IT - from a derivative function to a strategic contributor

Having traced the historical path how the theories of strategic management evolved over time, now let us raise some important questions: how does corporate strategy relate to Strategic IT planning? In the backdrop of the over-arching corporate strategy, what is the position of the IT division or department as a strategic contributor? According to the popular belief of the past century, IT is a passive enabler or supporter to the overall strategic management schema with least direction-enforcing capabilities. But it is not true any more. Now, it is not a subsidiary or supportive appendage to the key business functions like manufacturing, logistics and finance. The corporate analysts who once viewed IT as one playing subservient or adpative role, gradually started talking about IT’s alignment and collaboration with business. With IT experiencing massive evolutionary and revolutionary change over the past few decades, that too at an unprecedented speed, the environmental and structural dynamics have undergone a sea change. From just playing a mere passive and supportive role, IT as a discipline has been, at a fast pace, emerging as a strategic collaborator or partner in  managing strategies for many corporations. The fact is that IT is now playing proactive and dominant roles in shaping organizational strategies and defining competitive advantage.

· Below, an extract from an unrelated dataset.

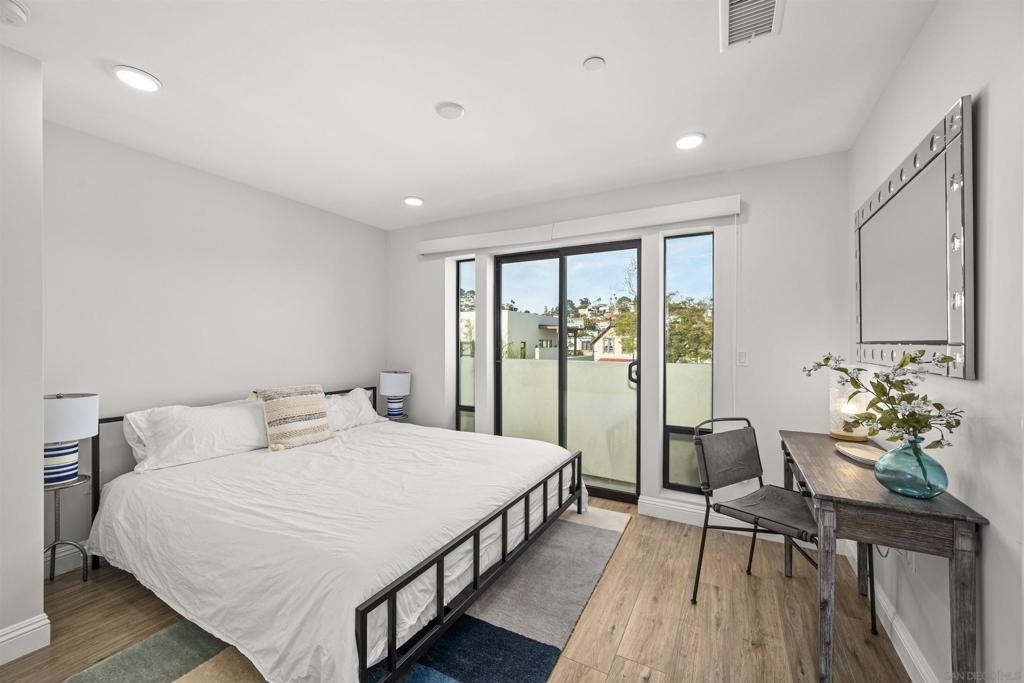2925 Upshur - Photo 11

The factors that make IT strategic

Let us try to enumerate the factors that contribute in making IT’s role as strategic, by turning it into a driver of competitive forces.

Enabler of business process efficiency – With the unprecedented growth and development of IT - in the spheres of hardware, software, operating system, ERP , ITIL /ITSM, project management methodologies – it has become the enabler and enhancer of business processes that drive the critical success factors and define the competitive advantage.
Cooperative Information systems – Competitive strategies for exploiting synergies with customers and suppliers generally concentrate upon the integrative effectiveness of the business processes. IT made this Inter-organizational and intra-enterprise integration possible. For example, the ERP system seamlessly integrates vital key processes like manufacturing, logistics, finance, supply-chain,CRM and others. On the other hand, the advanced middleware architectures and web services make integration and collaboration between disparate business systems and applications a reality, unleashing a synergic force.
IT‘s progression in the CMM path - The CMM maturity model, which is based on CobiT Framework, discusses five evolutionary stages of progression of information technology. The maturity level ranges from Initial or Ad hoc (1) – Repeatable(2) – Defined(3)- Managed/Measured(4)- Optimized (5), in terms of software development capability. Higher the maturity level of IT as a division or department, higher is the strategic planning capability of the IT organization, higher they are likely to leverage IT for strengthening their competitive advantage.
Identity of IT as one being service oriented – Unlike in mid eighties when IT was merely considered as infrastructure provider or repository of data, now information technology has evolved into a service provider. Any outcome of IT is recognized as a‘service’, an entity that can be standardized, commoditized, transacted, evaluated and professionally managed. The evolution of ITIL and the ISTM system had strengthened the aspects of service orientation of the discipline.
IT’s power to add unique value and create bargaining advantage – IT has been capable of sharpening corporate bargaining advantage by encapsulating unique ‘knowledge-driven’ value within the products and services, which make switching to another competitor costly for a customer. In other words, this value addition amounts to a kind of product differentiation; so that for a customer it increases the switching cost to another competitor. IT is no more meant for ‘data’ storage, nor even for providing discrete ‘information’ systems, but it has matured into providing an aggregative ‘knowledge system’. It has been a journey from mastering ‘data’ to harnessing ‘information’, and then to rendering a solution packaged with ‘knowledge’. Now, IT applications are packaged with advanced help system, training manuals, workflow guide and elaborate intelligence and support framework. This capability adds a qualitative layer and a distinct value addition, there by providing the organizations the opportunity to differentiate in production and services offering and define a unique scheme of competitive advantage.
Internet, IT’s own power-dome – It is IT’s own landscape, the internet, where corporate battles are increasingly launched. More and more organizations are choosing the cyberspace as their competitive platform. More an organization uses internet in its business process,  the IT - as the department or a division – inescapably plays more strategic role, which  makes 'Strategic IT' a pulsating reality.